Er kritisiert auch die Ansicht Ernst Schröders, nach der die Zahlen aus Ansammlungen von Dingen durch Abstraktion entstehen, indem von allen anderen Eigenschaften der Dinge, außer eben ihrer Anzahl, abgesehen wird (§ 21). Ansammlungen von Dingen könnten nicht die Grundlage der Zahlen sein, da man derselben Ansammlung unterschiedliche Zahlen zuordnen kann: „[Ich kann] die Ilias als 1 Gedicht, als 24 Gesänge oder als eine große Anzahl von Versen auffassen. [...] So ist auch ein Gegenstand, dem ich mit demselben Rechte verschiedene Zahlen zuschreiben kann, nicht der eigentliche Träger einer Zahl“ (§ 22).
Frege untersucht auch Versuche, Zahlen aus „Einheiten“ entstehen zu lassen, wobei eine Einheit durch ihre Ungeteiltheit charakterisiert ist. Er weist darauf hin, dass man nicht prinzipiell von einer Ungeteiltheit der Einheit ausgehen kann: „Es gibt aber Fälle, wo man gar nicht vermeiden kann, an die Zerlegbarkeit zu denken, wo sogar der Schluss auf der Zusammensetzung der Einheit beruht, z. B. bei der Aufgabe: ein Tag hat 24 Stunden, wie viel Stunden haben 3 Tage.“ (§ 33)

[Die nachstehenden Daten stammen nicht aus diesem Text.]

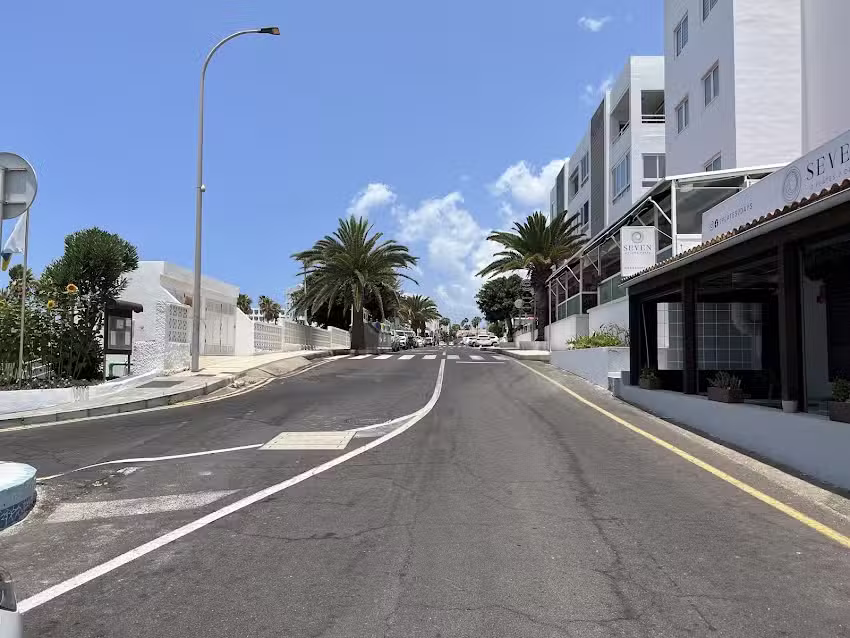 Callao Salvaje-Urbanización Esquivel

Außerdem steht der Versuch, Zahlen aus Einheiten zu gewinnen, vor der Schwierigkeit, ob diese Einheiten nun einander gleich oder ungleich sind. Thomas Hobbes vertritt z. B. die Meinung, dass diese Einheiten einander gleich sein müssen (ähnlich sieht es auch David Hume, § 34). Sind diese Einheiten aber wirklich gleich, so kann anscheinend kein Unterschied mehr zwischen ihnen gemacht werden, es stellt sich dann die Frage, wie dann überhaupt von mehreren Dingen geredet werden soll. Aus diesem Grunde ist beispielsweise René Descartes der entgegengesetzten Ansicht, nämlich, dass die Einheiten voneinander verschieden sein müssen (§ 35). William Stanley Jevons vertritt dieselbe Auffassung, er geht sogar so weit zu behaupten, dass im Ausdruck „1 + 1“ die beiden Einsen voneinander verschieden seien (§ 36). Nach Frege wäre dann die Gleichung „1 = 1“ falsch, Jevons’ Ansicht sei daher unhaltbar (§ 36). Frege fasst die Diskussion wie folgt zusammen: „Wenn wir die Zahl durch Zusammensetzung von verschiedenen Gegenständen entstehen lassen wollen, so erhalten wir ein Anhäufung, in der die Gegenstände mit eben den Eigenschaften enthalten sind, durch die sie sich unterscheiden, und das ist nicht die Zahl. Wenn wir die Zahl andererseits durch Zusammenfassung von Gleichem bilden wollen, so fließt dies immerfort in eins zusammen, und wir kommen nie zu einer Mehrheit“(§ 39).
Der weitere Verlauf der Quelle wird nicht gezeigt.